### [Task details]
Return each line exactly, beginning with the one that has "SOLIANI. Uomo con" and finishing with the final line of the material. Drop any pictures.

□ □ □ □

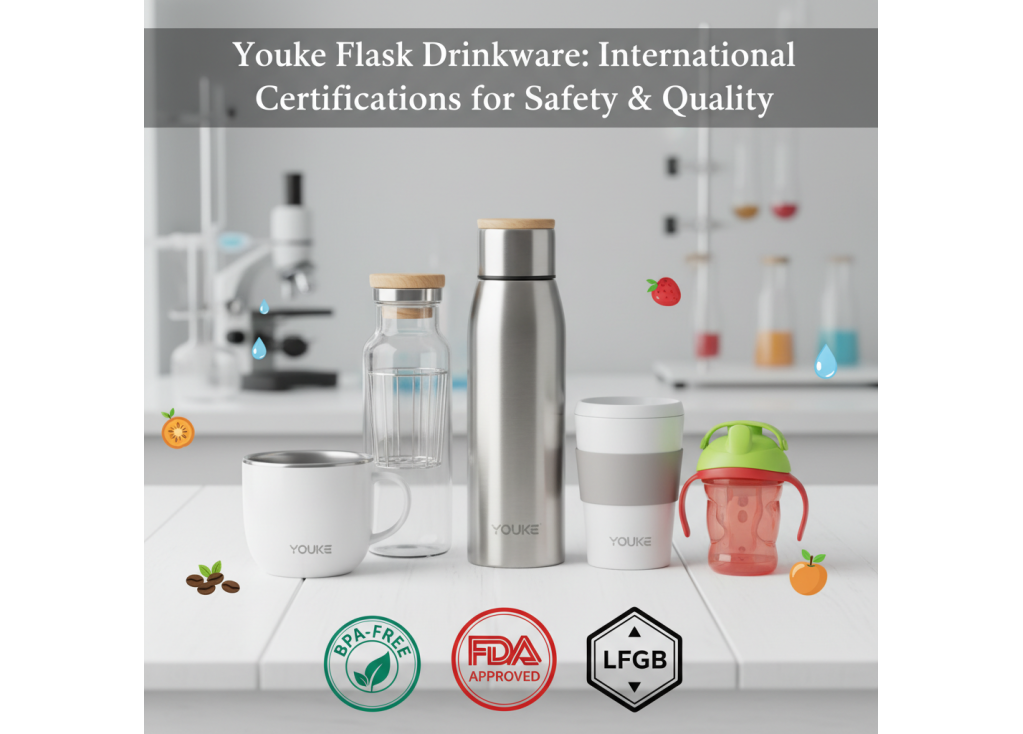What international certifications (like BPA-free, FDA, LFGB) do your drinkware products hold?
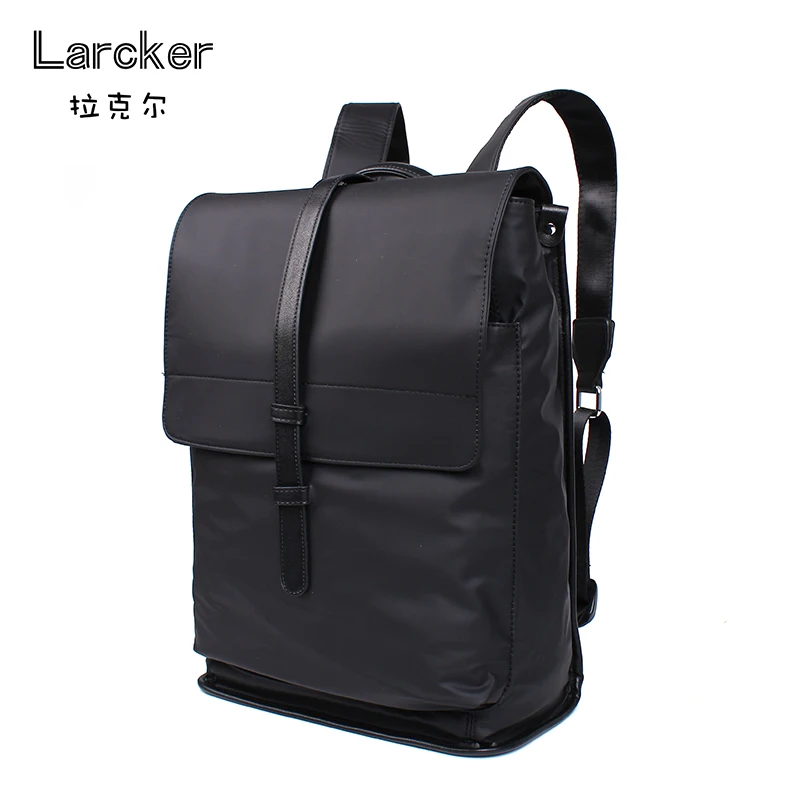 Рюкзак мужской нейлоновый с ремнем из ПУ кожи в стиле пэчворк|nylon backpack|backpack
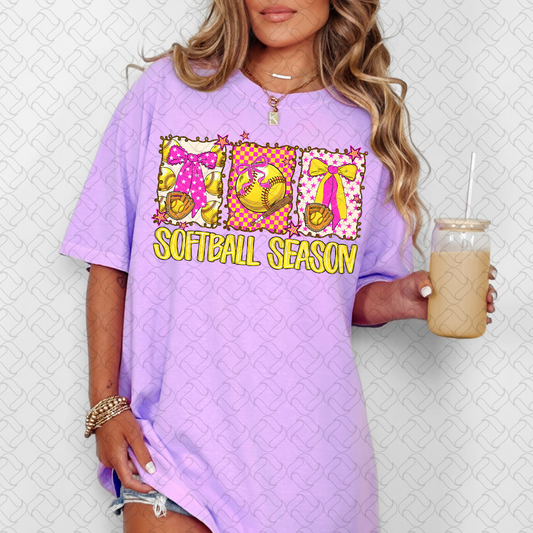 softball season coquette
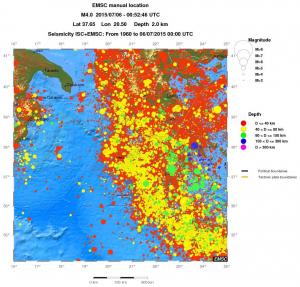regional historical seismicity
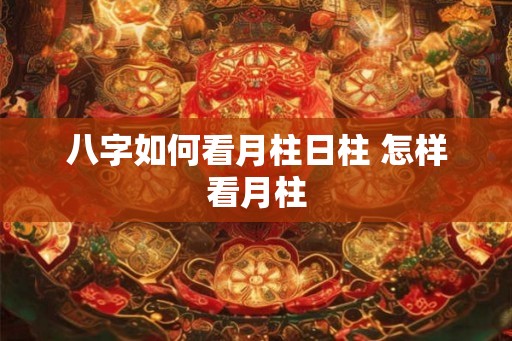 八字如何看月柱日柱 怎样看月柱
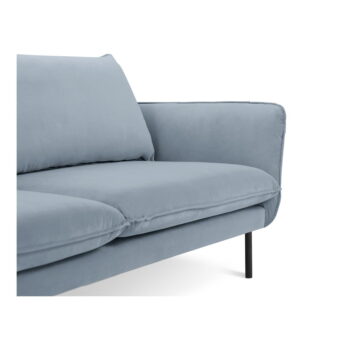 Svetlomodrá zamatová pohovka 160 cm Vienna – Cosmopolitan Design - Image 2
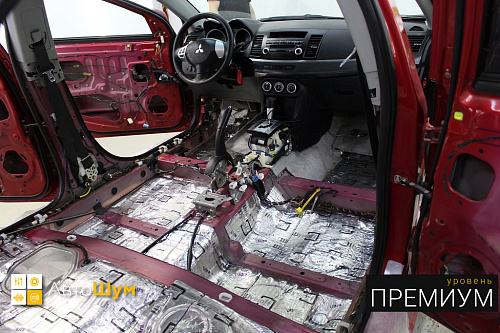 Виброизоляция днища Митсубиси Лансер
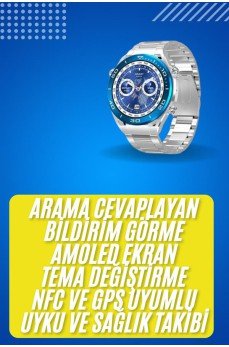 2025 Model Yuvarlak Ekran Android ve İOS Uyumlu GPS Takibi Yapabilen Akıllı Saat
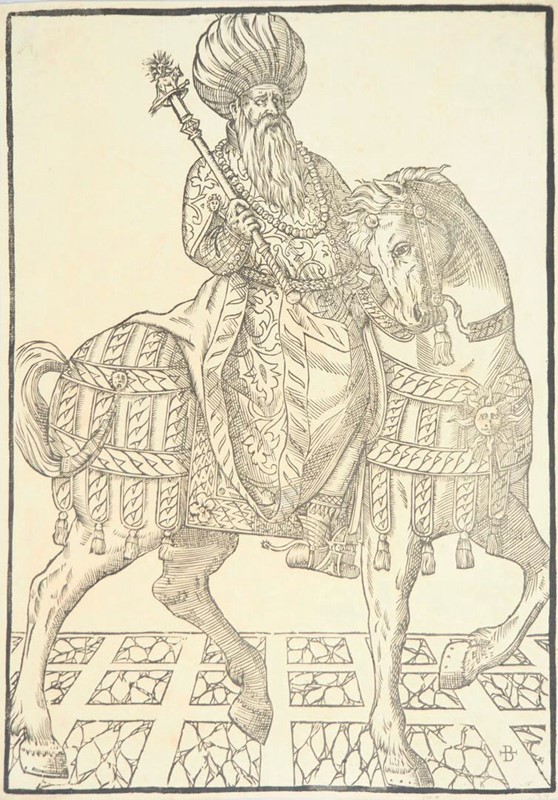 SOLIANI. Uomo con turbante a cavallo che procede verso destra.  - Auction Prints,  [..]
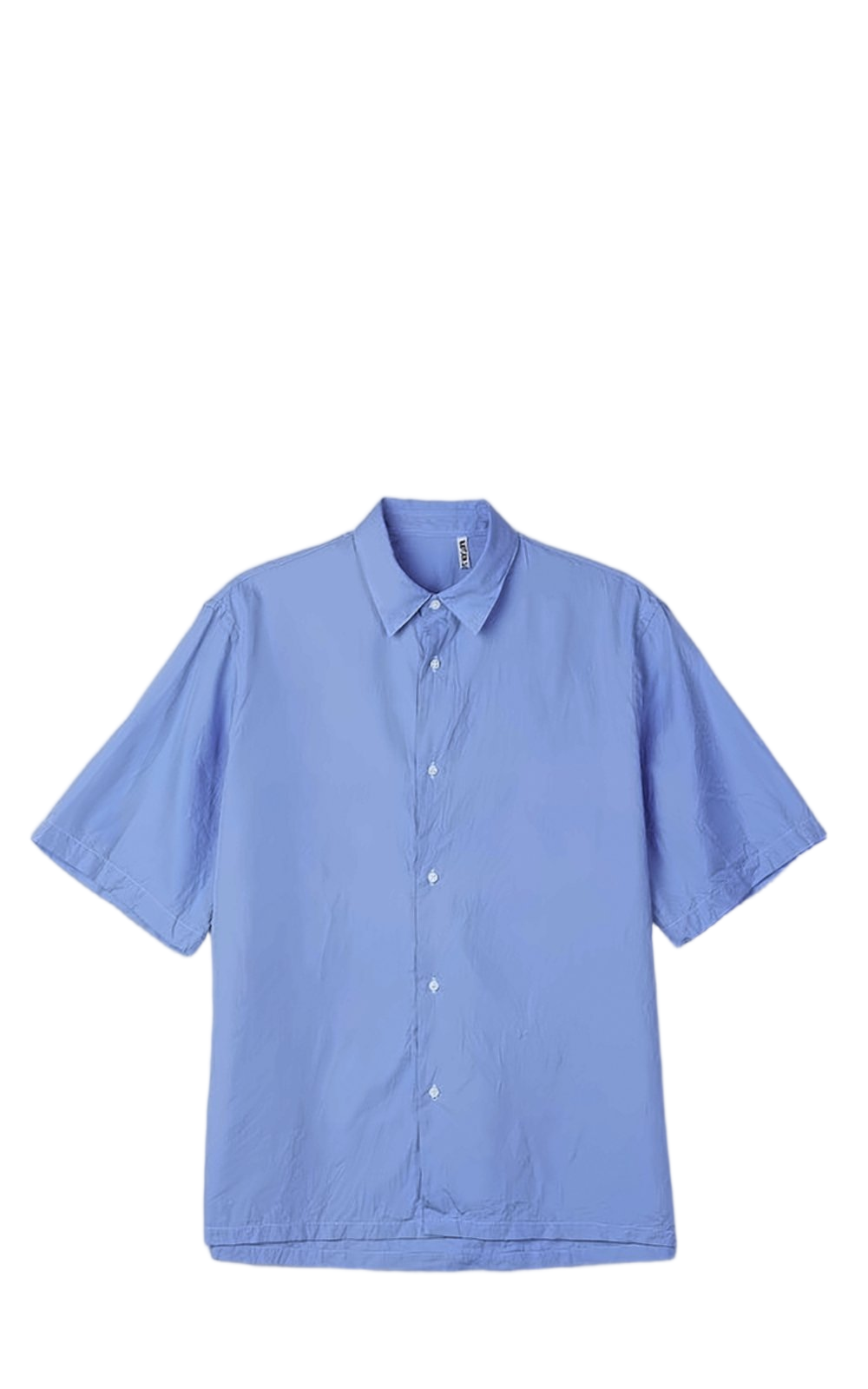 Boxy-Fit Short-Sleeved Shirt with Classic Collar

□ □ □ □

### [Written answer]
 SOLIANI. Uomo con turbante a cavallo che procede verso destra.  - Auction Prints,  [..]
 Boxy-Fit Short-Sleeved Shirt with Classic Collar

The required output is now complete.